* [Exercise]: For this exercise, the lines from the one with "Jovem casal patrício" through the final line of the data below are to be transcribed exactly, and pictures are to be skipped.

──────────────────────────────

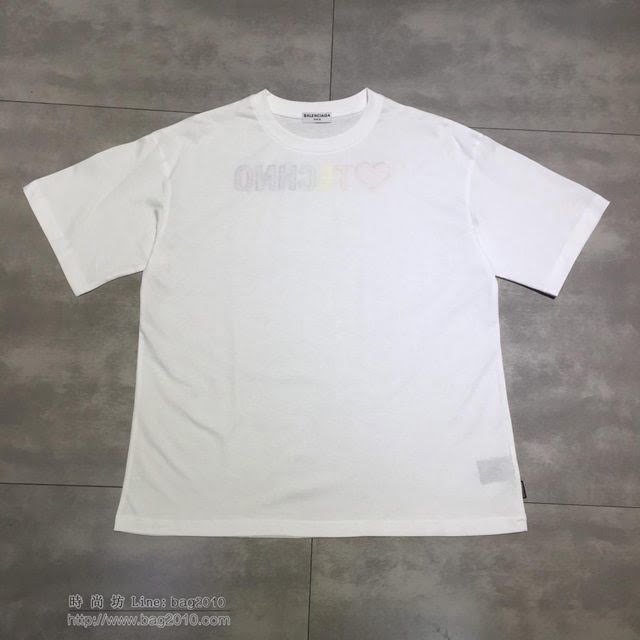 Balenciaga短袖衣 19春夏新款 巴黎世家白色T恤  tzy1627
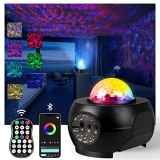 Galaxy Projector Star Projector-Night Light Projector 7 Color Music Starry Light Projector with Remote & Bluetooth， Room Decor Lights Suitable for Kids and Adults @ $13.05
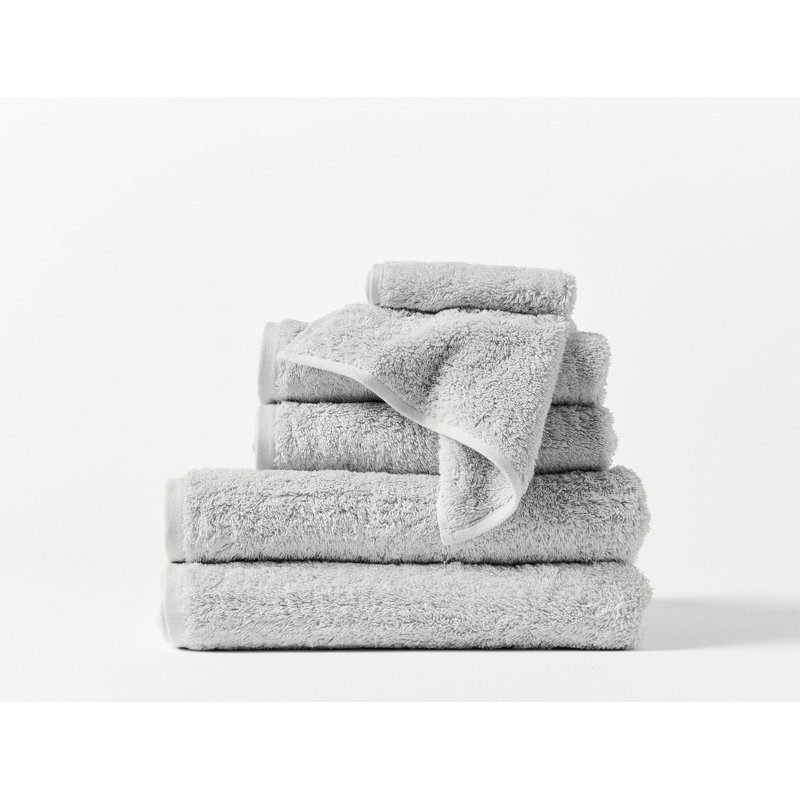 Cloud Loom 100% Cotton Plush Bath Towel, Fog, Washcloth - 1 Pack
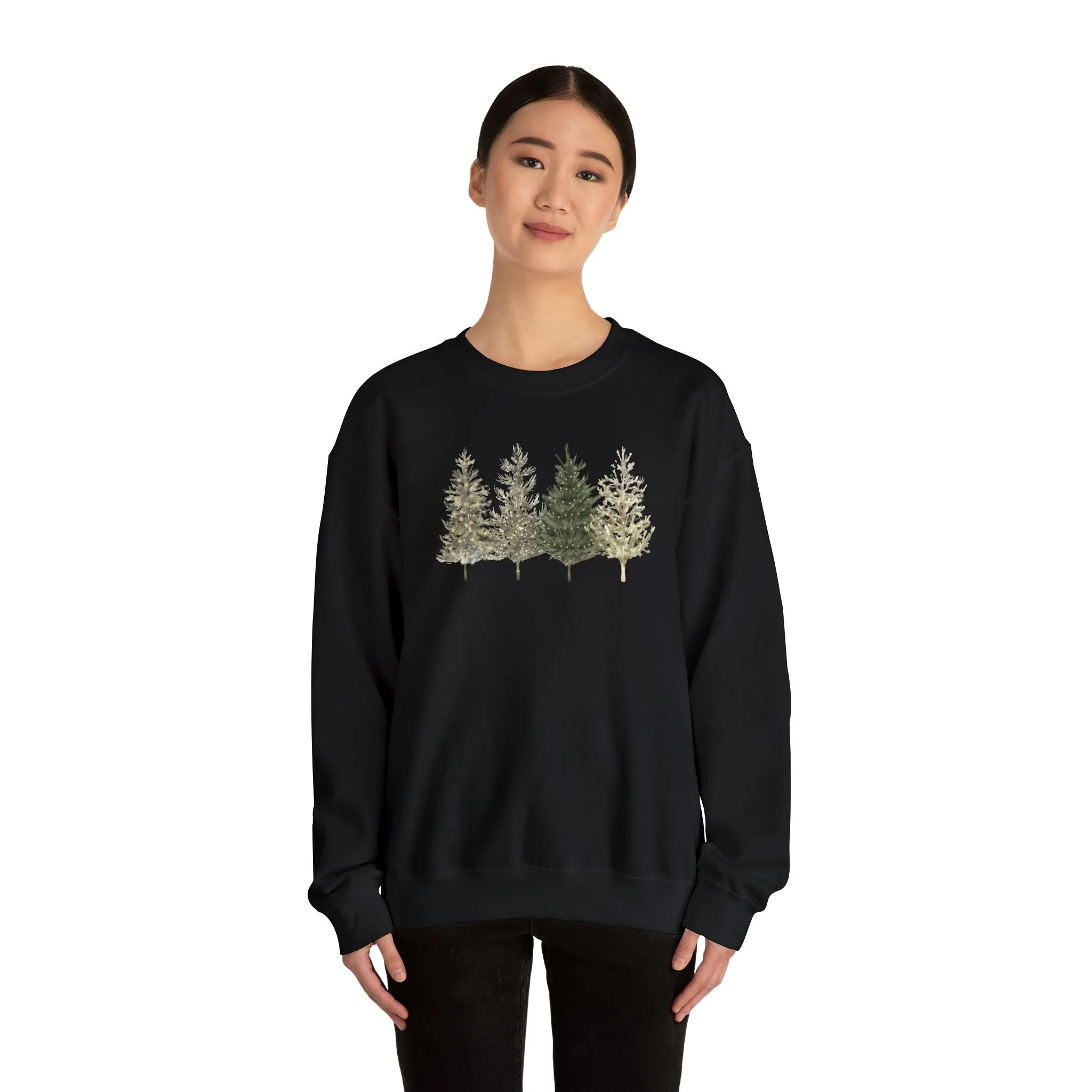 Copy of Christmas Tree Sweatshirt, Christmas Tree Crewneck, Cozy Winter Sweater, Christmas Tree Subtle Holiday Sweatshirt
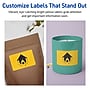 Avery Rectangle Laser/Inkjet Multipurpose Labels, 2" x 3.75", Bright Yellow (160/Pack)~#|#~0833C3B1-AB7A-4232-B752EC313D94C220_sc7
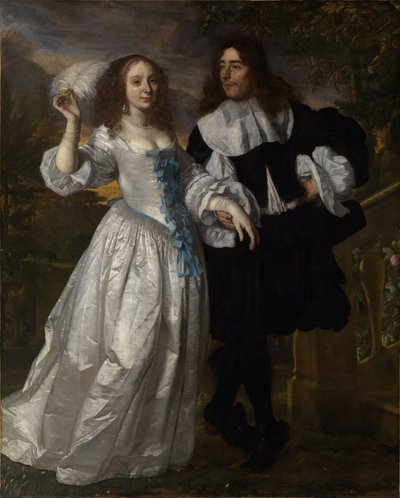 Jovem casal patrício de Bartholomeus van der Helst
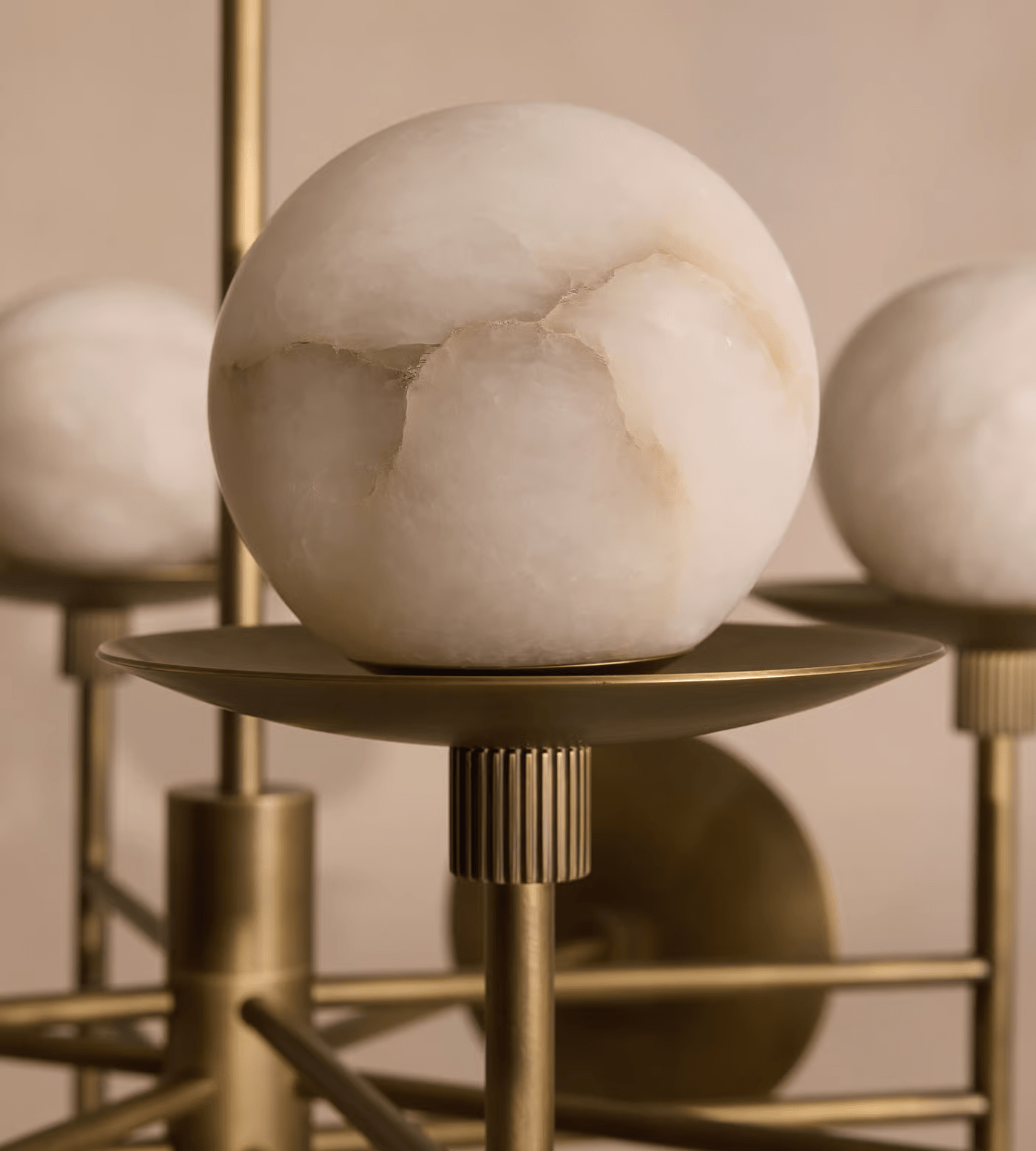 Cara Alabaster Chandelier by Bling Lighting Studio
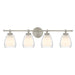 Myhouse Lighting Quoizel - VIV8632BN - Four Light Vanity - Vivienne - Brushed Nickel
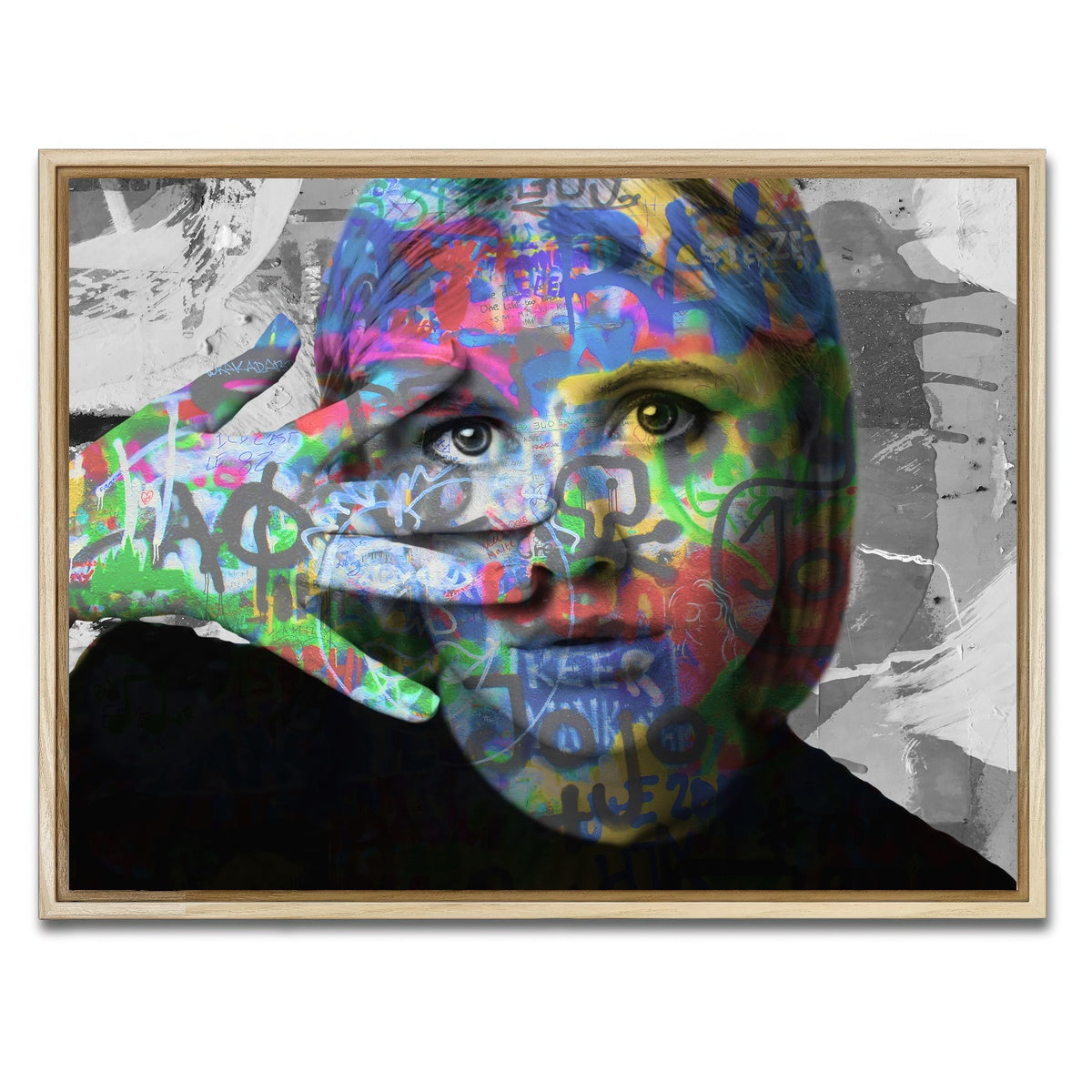 AUTO-MOCKUP WHITE | JoJo | 1 Piece | Natural Framed Canvas | group=4x3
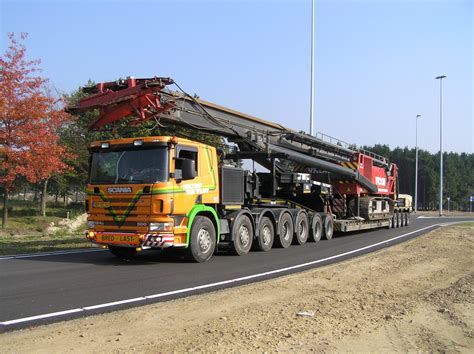 Free Images : asphalt, locomotive, transporter, scania, land vehicle, heavy transport, trailer ...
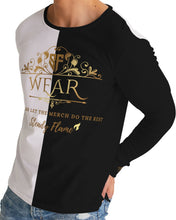 Load image into Gallery viewer, SF WEAR LONGSLEEVE - BLACK/WHITE Men's Long Sleeve Tee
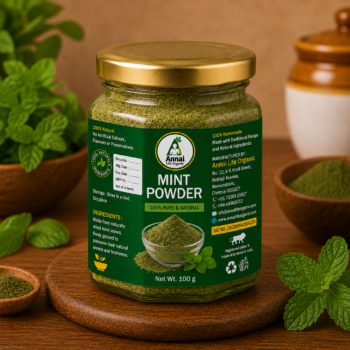 Mint Powder – 100% Pure & Natural Annai Life Organic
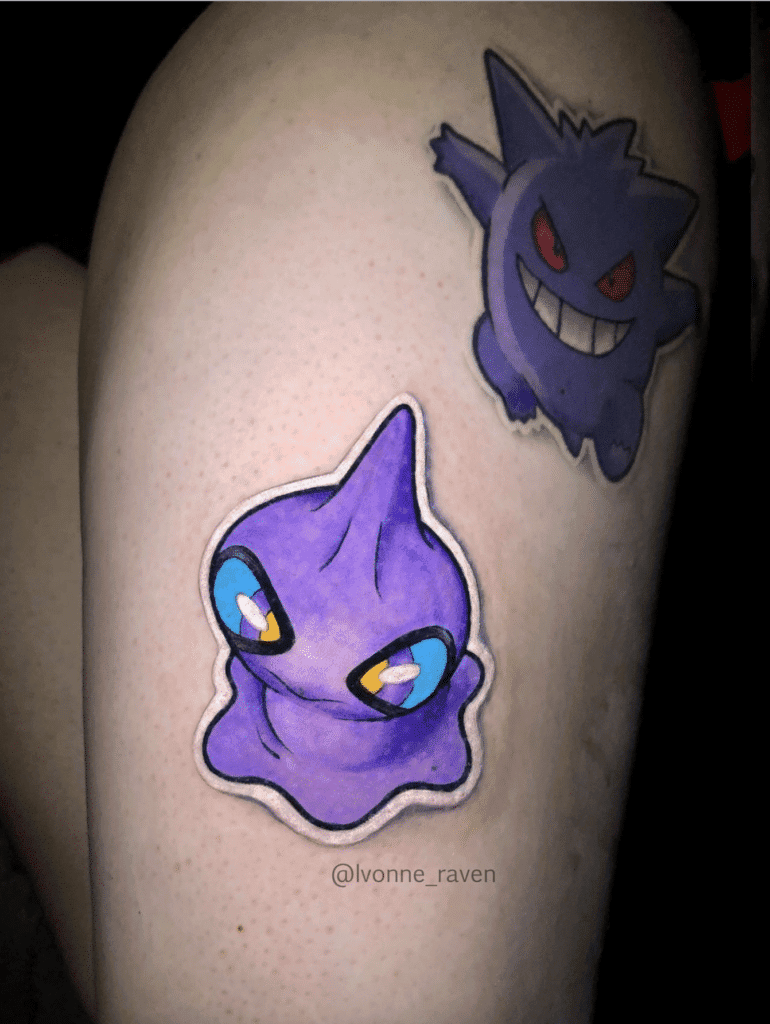 Shuppet Hoenn Pokémon Tattoo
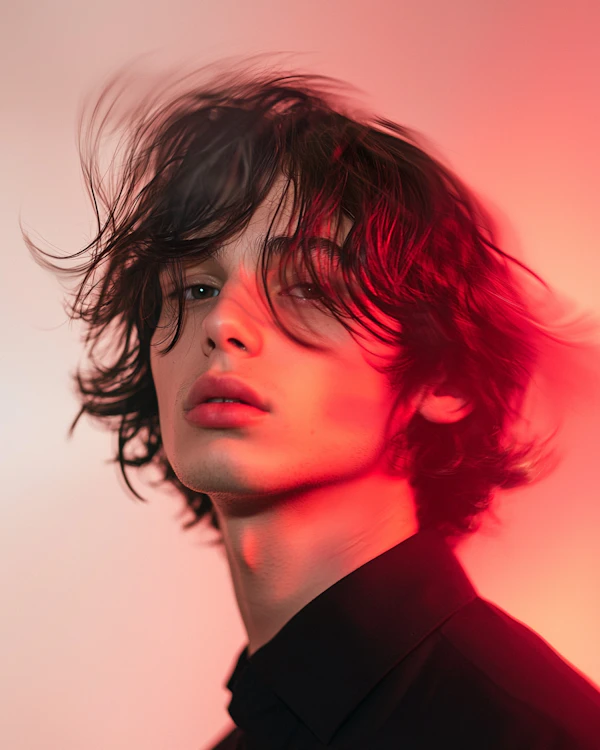 Dramatic Red Portrait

──────────────────────────────

* [The completed task]:
 Jovem casal patrício de Bartholomeus van der Helst
 Cara Alabaster Chandelier by Bling Lighting Studio
 Myhouse Lighting Quoizel - VIV8632BN - Four Light Vanity - Vivienne - Brushed Nickel
 AUTO-MOCKUP WHITE | JoJo | 1 Piece | Natural Framed Canvas | group=4x3
 Free Images : asphalt, locomotive, transporter, scania, land vehicle, heavy transport, trailer ...
 Load image into Gallery viewer, SF WEAR LONGSLEEVE - BLACK/WHITE Men's Long Sleeve Tee
 Mint Powder – 100% Pure & Natural Annai Life Organic
 Shuppet Hoenn Pokémon Tattoo
 Dramatic Red Portrait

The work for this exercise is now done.